然後想先做個簡單的分類練一下手,第一眼看到的部落格地址,發現跟其他部落格寫的也差不多,順序也差不多,但是我自己會遇到一些問題,主要就是路徑的問題。
所以,流程中的指令碼檔案的路徑什麼的,要好好注意用在哪,以及會和其他路徑怎麼連線。
首先,可能由於Caffe版本不同,我看到很多網上的教程,可執行exe檔案都是在“/build/tools/”下,而我的是在“caffe\scripts\build\tools\Release”下,接下來跟著流程走。
我的整個訓練產生的檔案:
1.train.txt檔案和val.txt檔案以及label.txt,我的圖片都一起放data裡面了,一開始搞txt文字,還是用python處理的。。分出train和val資料夾,需要在之後的一些檔案中加上資料夾的路徑,後面會說原因。

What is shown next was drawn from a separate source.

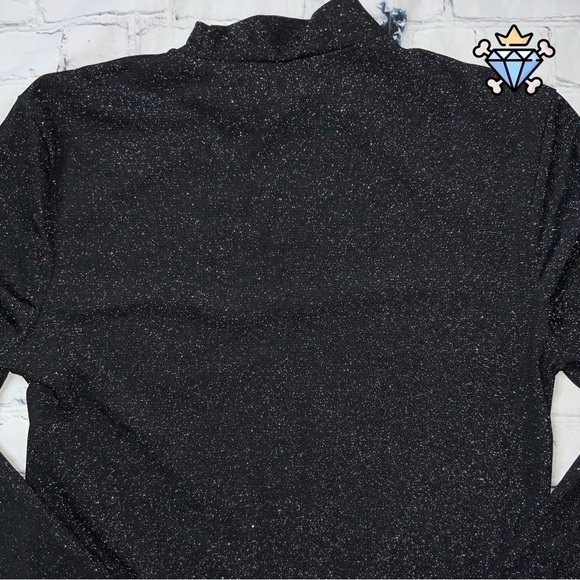 SHEIN MEN MOCK NECK LONG SLEEVE GLITTER CROPPED SHIRT SIZE MEDIUM FITTED - Picture 7 of 7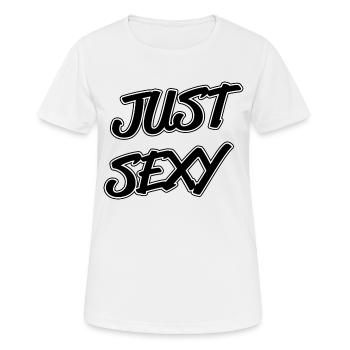 Très sexy - T-shirt respirant Femme - blanc - Devant - AI Model Female 172 dark (172cm)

ftw93.jpg 0 ftw94.jpg 0 ftw95.jpg 0 ftw96.jpg 0 ftw97.jpg 0 ftw98.jpg 0 ftw99.jpg 0 ... mtw1.jpg 1 mtw10.jpg 1 mtw100.jpg 1 mtw101.jpg 1 mtw102.jpg 1 mtw103.jpg 1 mtw104.jpg 1 mtw105.jpg 1 mtw106.jpg 1 mtw107.jpg 1
label.txt即所有分類
0 歐美女
1 亞洲女
2 歐美男
3 亞洲男
我的檔案都是這樣配置,不用絕對地址就是因為路徑相關,等一下說。
(2018-12-06更新)自動生成caffe訓練的訓練和測試集txt指令碼如下(訓練和測試圖片放兩個資料夾):
# /usr/bin/env sh DATA=D:/caffe/examples/my_image FILETYPE=jpg #需要處理樣本的圖片格式 echo "Create train.txt..." rm -rf $DATA/train.txt array=("ftw" "fty" "mtw" "mty") # 迴圈幾種類別 for i in 0 1 2 3 # do echo ${array[i]} find $DATA/data/train -name ${array[i]}*.$FILETYPE | cut -d '/' -f7 | sed "s/$/ $i/">>train.txt # 寫入檔案 done echo "Create test.txt..." rm -rf $DATA/test.txt for i in 0 1 2 3 # -f6-7 指目錄第6-7層,根據上面的目錄來指定,若是不加train資料夾,只需7即可 do find $DATA/data/test -name ${array[i]}*.$FILETYPE | cut -d '/' -f7 | sed "s/$/ $i/">>val.txt done echo "All done" pause
2. 生成lmdb檔案,我用的也是create_imagenet.sh檔案,路徑為caffe\examples\imagenet,檔案裡面我一開始也用相對路徑,一直有出錯的部分,所以我直接全用絕對路徑了。在這裡面就有TRAIN_DATA_ROOT和VAL_DATA_ROOT的問題了,這兩個指訓練和測試資料集的地址,與之前train.txt和val.txt裡的路徑會組合成完整的路徑,我不在train.txt中使用完整路徑的原因,是因為我用git bash啟動sh檔案,如果TRAIN_DATA_ROOT設定為 / ,則預設為git的exe檔案所以路徑作為TRAIN_DATA_ROOT,故而老是訓練失敗。一些註釋我就不打了,一般都能看得懂,之前貼的那份連結也有。
#!/usr/bin/env sh
# Create the imagenet lmdb inputs
# N.B. set the path to the imagenet train + val data dirs
set -e
EXAMPLE=D:/caffe/examples/my_image
DATA=D:/caffe/examples/my_image/data/
TOOLS=D:/caffe/scripts/build/tools/Release
TRAIN_DATA_ROOT=D:/caffe/examples/my_image/data/train/
VAL_DATA_ROOT=D:/caffe/examples/my_image/data/test/
# Set RESIZE=true to resize the images to 256x256. Leave as false if images have
# already been resized using another tool.
RESIZE=true
if $RESIZE; then
RESIZE_HEIGHT=32 # 檔案中本來自動設定成256,但我為了快點出結果,先設了32
RESIZE_WIDTH=32
else
RESIZE_HEIGHT=0
RESIZE_WIDTH=0
fi
if [ ! -d "$TRAIN_DATA_ROOT" ]; then
echo "Error: TRAIN_DATA_ROOT is not a path to a directory: $TRAIN_DATA_ROOT"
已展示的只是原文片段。